You could try using a recipe like my crabapple recipe: https://www.homebrewtalk.com/showthread.php?t=51010, just subbing a mix of tart and sweet apples for the crabapples.

I haven't made pear wine, so I don't know from experience but I'd follow Jack Keller's advice (he's a wine guru) and make this one: http://winemaking.jackkeller.net/request203.asp

Those recipes all make 1 gallon, so just multiply everything by 5 (except for the yeast). I make about 5.5 gallon batches if I have a 5 gallon carboy, due to the need to top up later.
 
If you can get your hands on fresh apple cider or if you can even make a cider,that's the easiest way to go. You'll save yourself on a lot of sediment issues. I did a pear. About to do another when pears get a little cheaper. I be Hurd pear doesn't like to clear but my first batch did. If you do a pear wait till they get really soft but not rotten. Slice them with an apple slicer put them in a straining bag an mash them in there. Let them seep like a big tea bag for 2 or so weeks.
 
[URL="http://easy-wine.net/homemade-pear-wine-recipe.htm". What I did different was. I didn't stir I just squeezed the bag a few times.
 
If you can get your hands on fresh apple cider or if you can even make a cider,that's the easiest way to go. You'll save yourself on a lot of sediment issues. I did a pear. About to do another when pears get a little cheaper. I be Hurd pear doesn't like to clear but my first batch did. If you do a pear wait till they get really soft but not rotten. Slice them with an apple slicer put them in a straining bag an mash them in there. Let them seep like a big tea bag for 2 or so weeks.

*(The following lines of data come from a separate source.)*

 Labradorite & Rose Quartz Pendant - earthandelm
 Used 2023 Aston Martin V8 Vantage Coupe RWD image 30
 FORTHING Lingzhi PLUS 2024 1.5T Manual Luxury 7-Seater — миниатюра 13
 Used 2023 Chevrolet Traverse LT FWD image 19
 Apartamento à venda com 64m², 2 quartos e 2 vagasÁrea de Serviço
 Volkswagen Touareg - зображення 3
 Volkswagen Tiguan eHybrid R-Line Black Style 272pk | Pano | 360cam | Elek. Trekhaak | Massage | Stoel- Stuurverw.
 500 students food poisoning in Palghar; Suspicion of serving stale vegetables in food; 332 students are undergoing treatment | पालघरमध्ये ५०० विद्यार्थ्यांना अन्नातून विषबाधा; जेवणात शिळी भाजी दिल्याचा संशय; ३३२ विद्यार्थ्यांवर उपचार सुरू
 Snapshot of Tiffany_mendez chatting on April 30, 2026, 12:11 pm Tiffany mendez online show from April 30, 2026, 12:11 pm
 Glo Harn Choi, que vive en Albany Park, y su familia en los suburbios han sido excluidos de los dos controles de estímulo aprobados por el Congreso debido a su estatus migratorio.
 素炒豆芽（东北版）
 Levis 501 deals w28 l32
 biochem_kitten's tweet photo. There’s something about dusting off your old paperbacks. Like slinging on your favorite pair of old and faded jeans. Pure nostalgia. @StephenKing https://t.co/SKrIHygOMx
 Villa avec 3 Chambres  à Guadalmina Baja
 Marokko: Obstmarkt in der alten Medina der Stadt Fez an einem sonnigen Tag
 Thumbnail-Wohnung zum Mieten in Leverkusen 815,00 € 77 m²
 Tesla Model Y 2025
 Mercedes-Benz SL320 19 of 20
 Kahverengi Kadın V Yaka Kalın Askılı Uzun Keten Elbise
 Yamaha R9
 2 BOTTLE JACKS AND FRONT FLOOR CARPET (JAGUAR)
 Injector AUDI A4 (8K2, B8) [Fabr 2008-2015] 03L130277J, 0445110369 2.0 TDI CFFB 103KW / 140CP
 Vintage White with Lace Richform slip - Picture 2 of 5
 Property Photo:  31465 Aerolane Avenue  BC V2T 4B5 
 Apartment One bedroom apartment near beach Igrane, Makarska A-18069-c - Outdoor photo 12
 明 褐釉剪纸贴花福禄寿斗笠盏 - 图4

do I need to steep the pears if I put them through my fruit grinder and press them in my fruit wine press
 
I Hurd an great idea from another post but I will when the pears here come into season. It said just to freeze the fruit. That will turn it to mush the put in your must. Make sure you cut them with apple corer first. When I did my pear they already were froze first. I forgot them in my car an they froze. I used a bocc pear. At the time they were 99¢ a pound and there super sweet.
 
An "ice" wine is made from grapes that freeze on the vine picked an pressed frozen. If you have a press Wonder if that same idea would work with pear or apple. Last season a winery/vineyard near my home had a superb ice wine harvest.
 
Hi edues, I think true ice-wine means that the sugar is more concentrated in the fruit before the fruit is harvested which is why ice-wines are so sweet. You can mimic this (but not perfectly) by freezing the fruit as you suggest but what you then need to do is not simply wait for the fruit to thaw so that you collect 100 percent of the juice available. Rather you watch the thawing juice and collect the first third as it liquifies. That third will contain about half the total sugar that was in the juice and just about all the lavor (meaning that what is still frozen is more or less water). Now, I have not tried this using whole fruit but I have done this with fruit juice. It means that you can boost the sugar and flavor content of the juice from a gravity of about 1.050 to about 1.090 with no addition of sugar (so it shifts from what I would call cider to wine)... BUT the cost is in a loss of volume - 3 gallons of juice produces 1 gallon of this version of "ice-wine". It works nicely with orchard pressed apple juice.
 
If you look up ice wine and its production it does say there pressed frozen. But not like a ice cube. Its a softer freeze. If that makes since.